Au cœur des révélations, Mame Boye Diao, ancien directeur général des Impôts et Domaines, dont l’audition a laissé les enquêteurs perplexes. Devant le commissaire Cheikh Sadibou Diallo, il a affirmé n’avoir jamais été informé de l’existence du décret présidentiel n°2020-1281 du 8 juin 2020, qui attribuait 2 hectares, 85 ares et 14 centiares au ministère de la Justice pour la construction d’un palais de justice. Une déclaration jugée étonnante, venant d’un haut responsable qui avait justement la charge de superviser le domaine public.
Mame Boye Diao a tenté de justifier cette méconnaissance par la publication d’un second décret, n°2021-701 du 4 juin, établissant un nouveau Plan d’urbanisme de détail (PUD) de Guédiawaye. Selon lui, ce décret aurait réduit l’assiette foncière à 2 hectares et abrogé le précédent, mais ses propos n’ont été appuyés par aucun document ou preuve concrète. Une interprétation juridique floue qui, selon les enquêteurs, va à l’encontre des normes administratives.
L’enquête révèle également que l’ancien directeur général de l’Urbanisme et de l’Architecture, feu Oumar Sow, aurait procédé au morcellement de l’assiette foncière, en y créant 36 lots identifiés par la lettre « J », dont plusieurs auraient été attribués dans des conditions opaques.
Fait troublant : Mame Boye Diao a reconnu avoir obtenu cinq parcelles, les lots J3, J4, J17, J21 et J32, qu’il affirme avoir offertes à ses proches : Kaba Diakhaté, Moustapha Ka, Insa Ndiaye, Mactar Talla et Malick Dieng. Une révélation qui alimente davantage les soupçons de favoritisme et de détournement de biens publics.

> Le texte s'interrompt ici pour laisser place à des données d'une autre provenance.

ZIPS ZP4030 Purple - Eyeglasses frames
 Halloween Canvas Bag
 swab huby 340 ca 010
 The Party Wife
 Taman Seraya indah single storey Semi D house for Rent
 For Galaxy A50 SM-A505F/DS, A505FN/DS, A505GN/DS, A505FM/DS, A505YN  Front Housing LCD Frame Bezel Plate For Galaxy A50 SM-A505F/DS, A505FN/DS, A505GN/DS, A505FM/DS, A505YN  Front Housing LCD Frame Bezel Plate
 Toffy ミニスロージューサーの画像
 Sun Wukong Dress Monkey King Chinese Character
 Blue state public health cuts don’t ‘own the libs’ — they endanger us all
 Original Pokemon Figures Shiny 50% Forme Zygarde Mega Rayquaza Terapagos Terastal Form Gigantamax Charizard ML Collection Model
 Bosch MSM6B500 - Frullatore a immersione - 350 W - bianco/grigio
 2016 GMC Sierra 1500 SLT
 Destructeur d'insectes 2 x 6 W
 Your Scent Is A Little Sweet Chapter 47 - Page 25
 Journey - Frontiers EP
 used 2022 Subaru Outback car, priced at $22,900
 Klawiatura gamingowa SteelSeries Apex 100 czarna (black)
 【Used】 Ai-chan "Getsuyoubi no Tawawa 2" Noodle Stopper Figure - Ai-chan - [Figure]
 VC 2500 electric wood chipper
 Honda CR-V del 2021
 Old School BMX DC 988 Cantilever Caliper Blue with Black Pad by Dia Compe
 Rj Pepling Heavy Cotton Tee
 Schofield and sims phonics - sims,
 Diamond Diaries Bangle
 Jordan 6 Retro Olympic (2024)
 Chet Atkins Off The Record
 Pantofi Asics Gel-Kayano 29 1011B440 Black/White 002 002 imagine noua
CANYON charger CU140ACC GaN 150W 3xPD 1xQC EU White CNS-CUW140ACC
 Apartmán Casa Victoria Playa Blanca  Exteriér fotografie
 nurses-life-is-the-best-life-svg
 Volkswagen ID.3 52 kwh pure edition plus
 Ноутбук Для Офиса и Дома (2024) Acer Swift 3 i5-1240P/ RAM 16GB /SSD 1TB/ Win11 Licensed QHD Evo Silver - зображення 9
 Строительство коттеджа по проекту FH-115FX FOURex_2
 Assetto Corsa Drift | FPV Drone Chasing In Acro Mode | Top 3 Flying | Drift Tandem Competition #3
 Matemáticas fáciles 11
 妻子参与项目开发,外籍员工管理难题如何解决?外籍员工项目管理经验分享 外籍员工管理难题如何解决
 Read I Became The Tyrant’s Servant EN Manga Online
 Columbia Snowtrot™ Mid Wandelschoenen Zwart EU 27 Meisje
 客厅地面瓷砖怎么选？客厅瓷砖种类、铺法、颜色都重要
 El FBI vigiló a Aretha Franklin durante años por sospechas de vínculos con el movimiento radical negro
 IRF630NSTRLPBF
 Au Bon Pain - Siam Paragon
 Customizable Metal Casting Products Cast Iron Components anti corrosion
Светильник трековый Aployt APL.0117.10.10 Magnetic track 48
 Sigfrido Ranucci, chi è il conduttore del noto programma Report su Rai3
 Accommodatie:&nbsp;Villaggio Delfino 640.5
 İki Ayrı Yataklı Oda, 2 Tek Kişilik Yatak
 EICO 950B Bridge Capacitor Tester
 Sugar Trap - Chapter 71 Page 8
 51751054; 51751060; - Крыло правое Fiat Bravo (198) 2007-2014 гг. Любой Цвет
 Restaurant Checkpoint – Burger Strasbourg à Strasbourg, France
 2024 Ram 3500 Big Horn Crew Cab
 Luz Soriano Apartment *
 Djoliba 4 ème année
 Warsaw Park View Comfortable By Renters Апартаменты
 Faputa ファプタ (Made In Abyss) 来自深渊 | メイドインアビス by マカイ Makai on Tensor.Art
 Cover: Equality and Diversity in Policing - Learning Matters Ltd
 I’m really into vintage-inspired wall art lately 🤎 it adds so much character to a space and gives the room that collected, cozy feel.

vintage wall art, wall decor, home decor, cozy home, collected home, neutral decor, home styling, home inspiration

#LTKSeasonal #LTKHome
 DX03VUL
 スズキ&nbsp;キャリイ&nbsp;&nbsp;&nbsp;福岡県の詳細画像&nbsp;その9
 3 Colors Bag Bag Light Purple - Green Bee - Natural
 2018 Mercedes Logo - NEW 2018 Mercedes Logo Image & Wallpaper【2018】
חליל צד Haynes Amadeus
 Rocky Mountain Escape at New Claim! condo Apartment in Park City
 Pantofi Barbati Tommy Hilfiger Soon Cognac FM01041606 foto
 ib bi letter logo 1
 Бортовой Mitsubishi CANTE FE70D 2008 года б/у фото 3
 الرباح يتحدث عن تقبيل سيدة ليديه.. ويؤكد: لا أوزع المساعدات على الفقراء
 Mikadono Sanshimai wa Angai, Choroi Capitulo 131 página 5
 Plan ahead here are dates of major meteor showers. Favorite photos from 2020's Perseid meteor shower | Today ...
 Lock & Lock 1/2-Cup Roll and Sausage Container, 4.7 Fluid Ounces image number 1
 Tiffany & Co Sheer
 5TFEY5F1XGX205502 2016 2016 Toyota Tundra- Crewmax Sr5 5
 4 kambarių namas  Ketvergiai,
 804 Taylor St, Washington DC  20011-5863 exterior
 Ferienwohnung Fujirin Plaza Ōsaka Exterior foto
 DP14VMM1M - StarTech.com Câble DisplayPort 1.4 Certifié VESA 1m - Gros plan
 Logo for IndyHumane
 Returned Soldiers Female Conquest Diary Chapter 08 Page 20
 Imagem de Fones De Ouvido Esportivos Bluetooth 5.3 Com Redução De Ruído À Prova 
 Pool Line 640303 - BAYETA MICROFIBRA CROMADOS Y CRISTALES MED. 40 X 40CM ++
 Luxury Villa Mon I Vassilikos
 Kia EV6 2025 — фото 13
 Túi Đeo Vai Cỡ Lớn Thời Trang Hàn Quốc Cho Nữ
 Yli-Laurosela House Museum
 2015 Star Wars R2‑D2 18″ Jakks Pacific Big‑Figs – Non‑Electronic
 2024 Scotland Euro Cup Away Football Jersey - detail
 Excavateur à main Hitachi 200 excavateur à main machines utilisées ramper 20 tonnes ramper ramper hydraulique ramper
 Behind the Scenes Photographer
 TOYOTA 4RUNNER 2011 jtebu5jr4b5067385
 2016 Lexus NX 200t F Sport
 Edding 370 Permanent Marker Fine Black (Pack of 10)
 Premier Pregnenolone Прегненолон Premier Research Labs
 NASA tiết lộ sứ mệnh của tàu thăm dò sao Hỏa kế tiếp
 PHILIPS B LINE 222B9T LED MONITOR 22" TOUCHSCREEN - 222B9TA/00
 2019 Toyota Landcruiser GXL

Confronté aux irrégularités constatées sur les baux – notamment l’usage discutable des avis de la Commission de contrôle des opérations domaniales (CCOD) – l’ancien directeur tente de rejeter la responsabilité sur son successeur, Mamadou Guèye. Il affirme que c’est ce dernier qui aurait délivré les baux litigieux. Toutefois, il reconnaît que le système permettait une utilisation abusive des avis de la CCOD, mettant ainsi en lumière une faille structurelle dans la gestion du foncier public.